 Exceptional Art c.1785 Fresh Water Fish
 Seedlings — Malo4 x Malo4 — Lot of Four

----

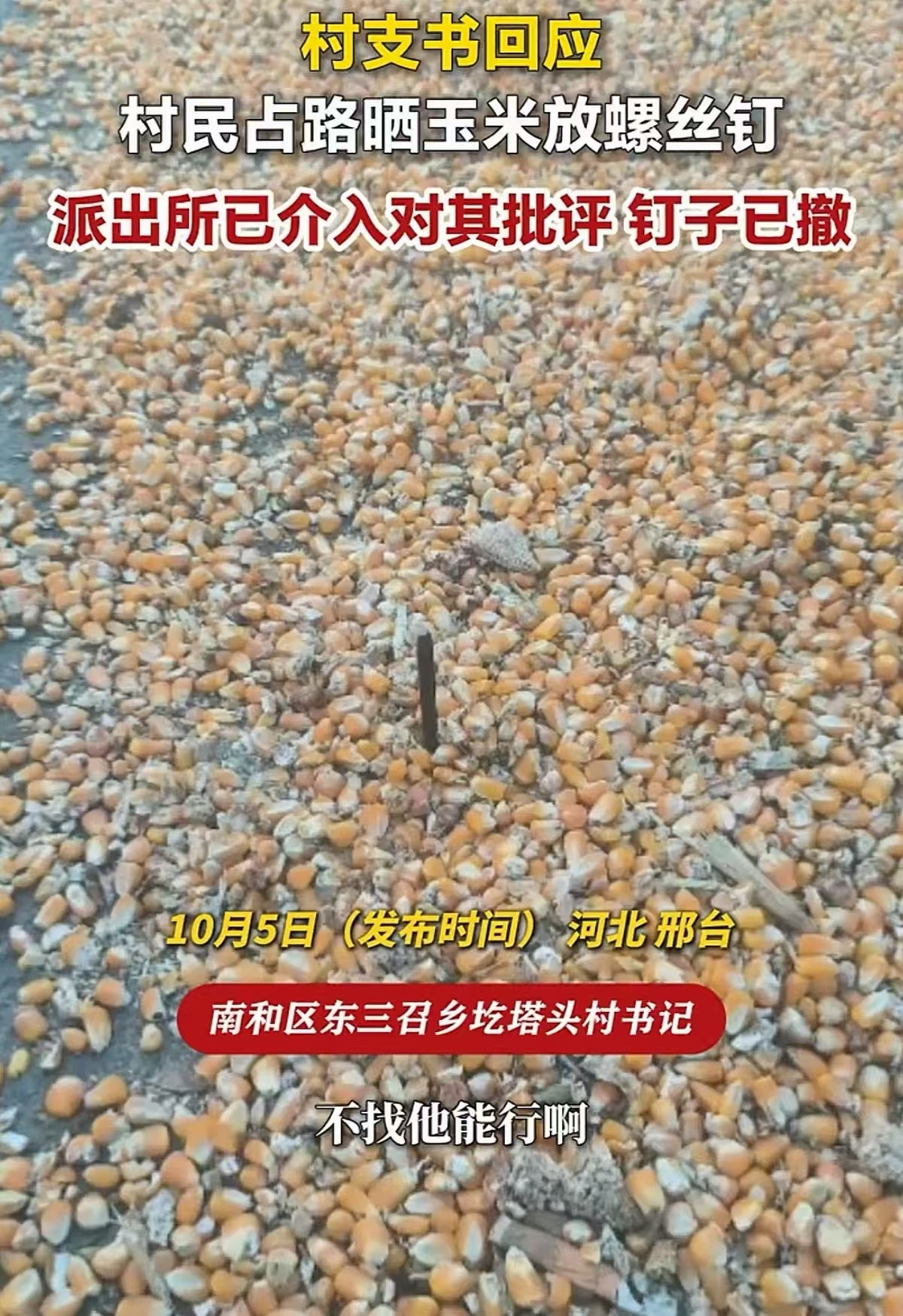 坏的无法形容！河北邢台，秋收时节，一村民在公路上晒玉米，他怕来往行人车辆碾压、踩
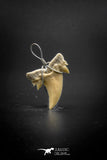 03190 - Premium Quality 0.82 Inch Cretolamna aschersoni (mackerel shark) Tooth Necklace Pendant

----

#### Task details
From the records above, copy only the lines starting with the line that holds "Exceptional Art c.1785 Fresh Water Fish" and going on through the line that holds "Seedlings — Malo4 x Malo4 — Lot of Four", exactly as written.

#### Problem solution
 Exceptional Art c.1785 Fresh Water Fish
 Seedlings — Malo4 x Malo4 — Lot of Four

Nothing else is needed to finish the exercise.